When I was younger I dreamed of living outside of the US – what that looked like, I didn’t know. Maybe it was similar to Alex’s experience in Megan Crane’s English as a Second Language — an angsty, booze-filled, literary grad school experience. Maybe it was just living my best life in Paris, looking chic in stripes and various red lipsticks while sipping wine in dark jazz cafes. Perhaps it could have been sitting on a balcony in Madrid, watching life go by while I continued my Spanish studies with a very attractive tutor…
Clearly, these were daydreams. Jobs didn’t exist in any of my plans.

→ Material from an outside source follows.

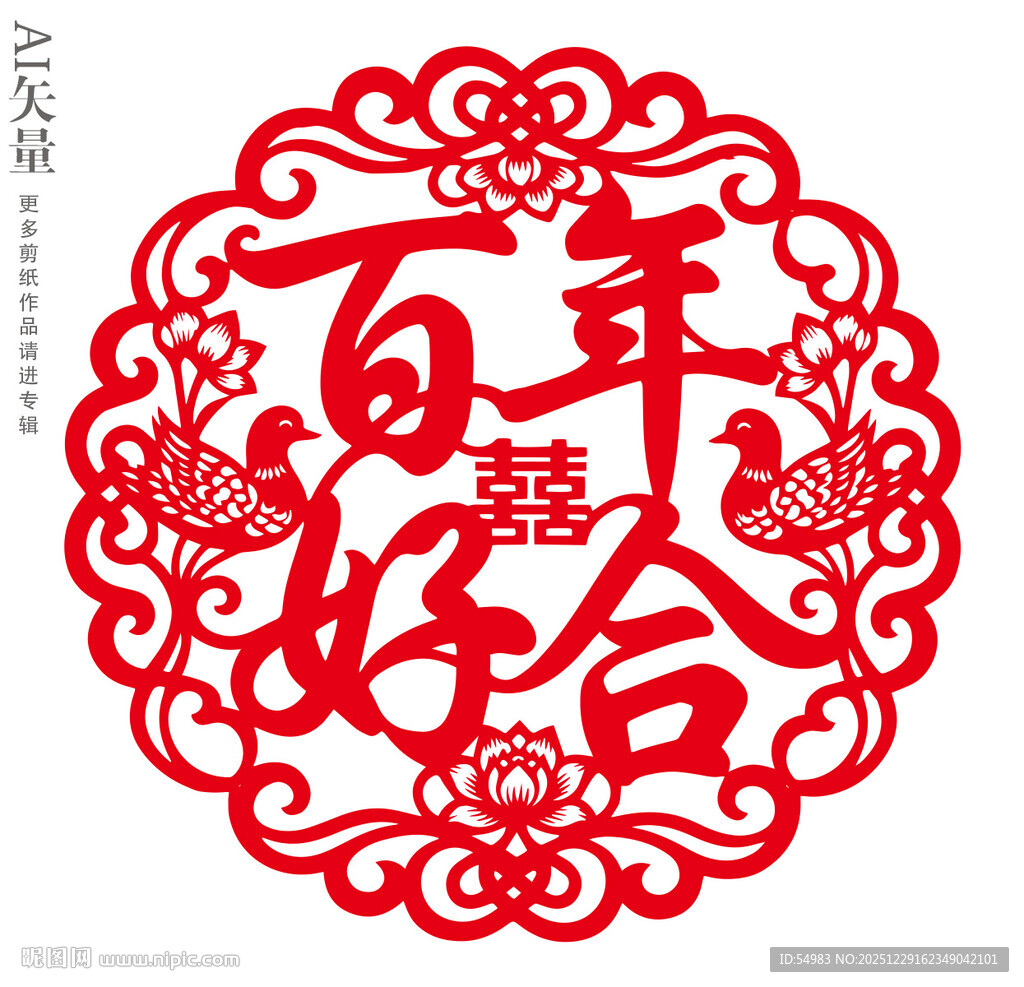 百年好合剪纸双喜窗花婚庆装饰画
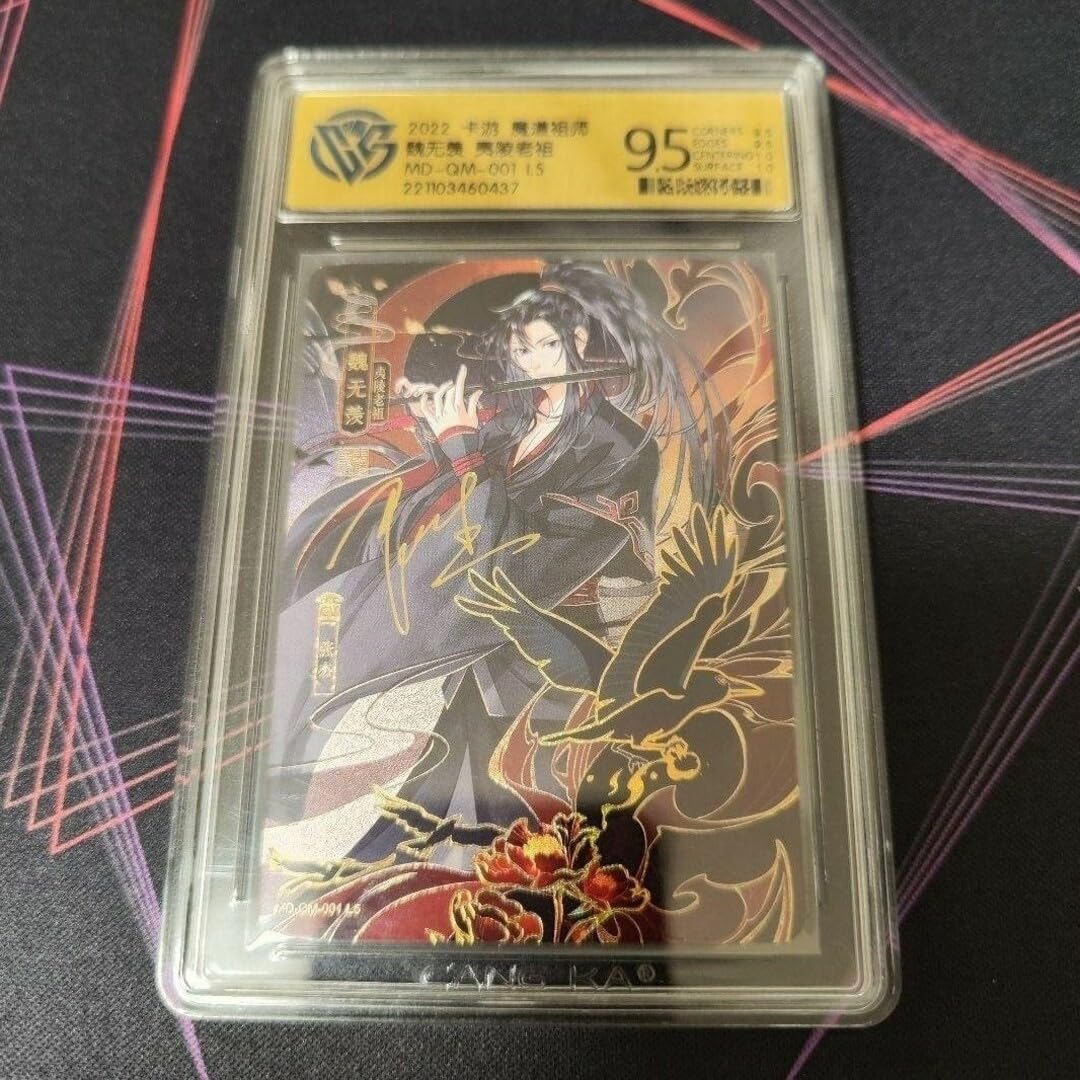 kanitamaさま専用】ドズル社 急がばナナメ(直筆サイン)フルセット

The core of it was that I wanted to travel and, in 2013, I landed a job that allowed me to constantly do so – three months in Dubai, two weeks in Singapore, a week in Mexico City, a short stint in Toronto, a constant tour of offices in the States — I was on the road constantly, progressing personally and professionally. The dream of living outside the US started to fade as I now had what seemed to be the best of both worlds — I got to be on the road for months at a time, but always had a home base. I came back to the best of friends, the coziest of apartments, the bustle of a city with which I was familiar. It was comforting, I was happy, and life was good.
Dreams deferred, at times, have a way of reintroducing themselves. In May, after a few stints in our Asia Pacific region, I was offered a promotion that required me to move to Hong Kong. The younger version of myself squealed: wasn’t this what we always wanted to do? The current version of myself wasn’t as excited; instead, she was terrified — the passion, the impulsiveness of her younger self was missing and it seemed like an unnecessary shake-up.
I still can’t tell you why I accepted the promotion. I don’t know, but I did and, in the last few months of 2018, geared up for a move to Hong Kong…and here I am. The only question now is what’s next?